**ABOUT THIS EXERCISE:**
Please repeat exactly the lines below from the one containing "Wahl Wahl Stainless" down to the one containing "Martial Arts — view 2", both included, and nothing else.

"""

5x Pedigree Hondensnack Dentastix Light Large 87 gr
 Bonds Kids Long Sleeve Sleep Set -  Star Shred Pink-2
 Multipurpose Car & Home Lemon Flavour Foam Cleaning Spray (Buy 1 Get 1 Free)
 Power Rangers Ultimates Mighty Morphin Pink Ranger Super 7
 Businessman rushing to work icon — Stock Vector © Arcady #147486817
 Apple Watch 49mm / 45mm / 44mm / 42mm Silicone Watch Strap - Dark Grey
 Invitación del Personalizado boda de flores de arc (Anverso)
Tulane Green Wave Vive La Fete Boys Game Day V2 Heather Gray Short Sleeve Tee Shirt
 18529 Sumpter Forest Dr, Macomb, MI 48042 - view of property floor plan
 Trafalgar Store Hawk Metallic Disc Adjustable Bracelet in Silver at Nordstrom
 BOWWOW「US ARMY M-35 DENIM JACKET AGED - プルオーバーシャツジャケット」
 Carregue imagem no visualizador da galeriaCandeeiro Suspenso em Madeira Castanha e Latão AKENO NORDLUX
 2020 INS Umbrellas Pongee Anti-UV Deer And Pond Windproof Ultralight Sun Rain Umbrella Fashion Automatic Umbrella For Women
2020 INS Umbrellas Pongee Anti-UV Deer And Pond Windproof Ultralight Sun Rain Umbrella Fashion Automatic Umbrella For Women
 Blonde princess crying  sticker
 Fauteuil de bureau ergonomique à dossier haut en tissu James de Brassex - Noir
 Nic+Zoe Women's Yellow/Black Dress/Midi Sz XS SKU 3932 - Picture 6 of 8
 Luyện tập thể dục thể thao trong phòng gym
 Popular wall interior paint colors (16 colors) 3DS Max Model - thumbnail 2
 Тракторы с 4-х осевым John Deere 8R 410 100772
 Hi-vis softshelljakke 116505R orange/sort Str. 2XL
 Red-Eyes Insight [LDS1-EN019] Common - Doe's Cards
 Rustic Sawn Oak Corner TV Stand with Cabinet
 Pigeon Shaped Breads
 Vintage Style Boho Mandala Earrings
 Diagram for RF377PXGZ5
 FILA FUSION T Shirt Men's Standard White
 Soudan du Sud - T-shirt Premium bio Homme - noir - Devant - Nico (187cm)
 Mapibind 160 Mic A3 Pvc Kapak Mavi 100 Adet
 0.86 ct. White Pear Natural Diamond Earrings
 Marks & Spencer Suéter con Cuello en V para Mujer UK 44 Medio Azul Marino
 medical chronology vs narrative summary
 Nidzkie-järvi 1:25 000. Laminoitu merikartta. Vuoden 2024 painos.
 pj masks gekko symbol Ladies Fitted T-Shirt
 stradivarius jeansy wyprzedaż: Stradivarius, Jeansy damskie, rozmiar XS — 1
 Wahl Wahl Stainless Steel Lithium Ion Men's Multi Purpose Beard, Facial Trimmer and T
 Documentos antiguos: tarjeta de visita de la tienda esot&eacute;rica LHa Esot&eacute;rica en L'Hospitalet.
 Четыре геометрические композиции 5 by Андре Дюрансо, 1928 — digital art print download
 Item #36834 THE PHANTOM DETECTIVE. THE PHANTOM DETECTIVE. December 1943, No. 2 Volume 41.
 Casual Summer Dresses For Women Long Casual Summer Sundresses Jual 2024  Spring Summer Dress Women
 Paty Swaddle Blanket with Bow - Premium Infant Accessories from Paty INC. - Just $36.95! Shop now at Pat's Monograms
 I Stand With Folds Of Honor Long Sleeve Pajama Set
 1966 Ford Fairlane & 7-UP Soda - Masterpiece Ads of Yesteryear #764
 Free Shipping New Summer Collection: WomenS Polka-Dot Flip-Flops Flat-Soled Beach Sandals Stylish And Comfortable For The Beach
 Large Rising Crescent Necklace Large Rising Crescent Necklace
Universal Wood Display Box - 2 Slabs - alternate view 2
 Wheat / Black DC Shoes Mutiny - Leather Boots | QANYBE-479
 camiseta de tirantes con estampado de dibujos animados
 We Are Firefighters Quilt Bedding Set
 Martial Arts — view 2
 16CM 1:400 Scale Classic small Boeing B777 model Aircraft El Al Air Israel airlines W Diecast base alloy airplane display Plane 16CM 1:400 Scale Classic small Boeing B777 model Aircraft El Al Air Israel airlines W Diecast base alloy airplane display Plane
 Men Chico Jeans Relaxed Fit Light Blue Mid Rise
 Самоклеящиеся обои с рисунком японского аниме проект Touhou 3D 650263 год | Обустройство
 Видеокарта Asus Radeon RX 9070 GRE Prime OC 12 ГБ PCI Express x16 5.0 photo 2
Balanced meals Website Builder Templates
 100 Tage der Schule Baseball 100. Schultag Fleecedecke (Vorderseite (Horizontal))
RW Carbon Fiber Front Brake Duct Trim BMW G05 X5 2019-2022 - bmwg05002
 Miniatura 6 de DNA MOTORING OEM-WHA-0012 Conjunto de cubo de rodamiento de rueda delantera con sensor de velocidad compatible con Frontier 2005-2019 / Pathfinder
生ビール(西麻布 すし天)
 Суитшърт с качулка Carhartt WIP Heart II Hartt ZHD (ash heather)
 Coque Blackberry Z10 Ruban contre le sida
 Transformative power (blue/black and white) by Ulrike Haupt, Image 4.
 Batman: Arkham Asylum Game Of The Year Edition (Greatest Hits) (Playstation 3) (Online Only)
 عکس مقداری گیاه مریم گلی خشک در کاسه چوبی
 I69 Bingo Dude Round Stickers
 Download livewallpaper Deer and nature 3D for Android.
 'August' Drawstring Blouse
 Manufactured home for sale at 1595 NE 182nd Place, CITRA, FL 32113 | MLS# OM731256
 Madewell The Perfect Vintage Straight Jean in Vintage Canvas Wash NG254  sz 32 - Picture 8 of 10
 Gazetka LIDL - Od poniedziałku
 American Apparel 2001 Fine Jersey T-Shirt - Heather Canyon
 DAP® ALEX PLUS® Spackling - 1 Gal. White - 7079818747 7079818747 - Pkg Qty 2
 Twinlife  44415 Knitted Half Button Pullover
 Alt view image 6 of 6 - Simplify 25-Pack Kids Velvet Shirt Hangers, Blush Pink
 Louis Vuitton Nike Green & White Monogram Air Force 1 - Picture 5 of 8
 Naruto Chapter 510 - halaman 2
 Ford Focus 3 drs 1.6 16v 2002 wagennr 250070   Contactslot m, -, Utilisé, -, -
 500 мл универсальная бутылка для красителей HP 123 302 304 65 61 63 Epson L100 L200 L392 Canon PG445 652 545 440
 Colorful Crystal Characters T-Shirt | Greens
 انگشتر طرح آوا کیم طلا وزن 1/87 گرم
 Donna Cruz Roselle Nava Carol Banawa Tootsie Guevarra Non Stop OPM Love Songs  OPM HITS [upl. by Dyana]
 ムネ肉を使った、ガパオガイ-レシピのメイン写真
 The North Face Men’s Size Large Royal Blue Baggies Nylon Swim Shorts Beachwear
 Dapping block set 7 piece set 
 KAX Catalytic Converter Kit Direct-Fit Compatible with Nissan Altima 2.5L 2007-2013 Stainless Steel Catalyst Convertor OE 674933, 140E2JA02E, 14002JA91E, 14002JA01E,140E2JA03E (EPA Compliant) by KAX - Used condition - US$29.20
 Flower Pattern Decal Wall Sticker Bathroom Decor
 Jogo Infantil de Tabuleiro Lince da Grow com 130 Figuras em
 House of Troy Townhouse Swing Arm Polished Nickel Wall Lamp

"""

**YOUR SOLUTION:**
 Wahl Wahl Stainless Steel Lithium Ion Men's Multi Purpose Beard, Facial Trimmer and T
 Documentos antiguos: tarjeta de visita de la tienda esot&eacute;rica LHa Esot&eacute;rica en L'Hospitalet.
 Четыре геометрические композиции 5 by Андре Дюрансо, 1928 — digital art print download
 Item #36834 THE PHANTOM DETECTIVE. THE PHANTOM DETECTIVE. December 1943, No. 2 Volume 41.
 Casual Summer Dresses For Women Long Casual Summer Sundresses Jual 2024  Spring Summer Dress Women
 Paty Swaddle Blanket with Bow - Premium Infant Accessories from Paty INC. - Just $36.95! Shop now at Pat's Monograms
 I Stand With Folds Of Honor Long Sleeve Pajama Set
 1966 Ford Fairlane & 7-UP Soda - Masterpiece Ads of Yesteryear #764
 Free Shipping New Summer Collection: WomenS Polka-Dot Flip-Flops Flat-Soled Beach Sandals Stylish And Comfortable For The Beach
 Large Rising Crescent Necklace Large Rising Crescent Necklace
Universal Wood Display Box - 2 Slabs - alternate view 2
 Wheat / Black DC Shoes Mutiny - Leather Boots | QANYBE-479
 camiseta de tirantes con estampado de dibujos animados
 We Are Firefighters Quilt Bedding Set
 Martial Arts — view 2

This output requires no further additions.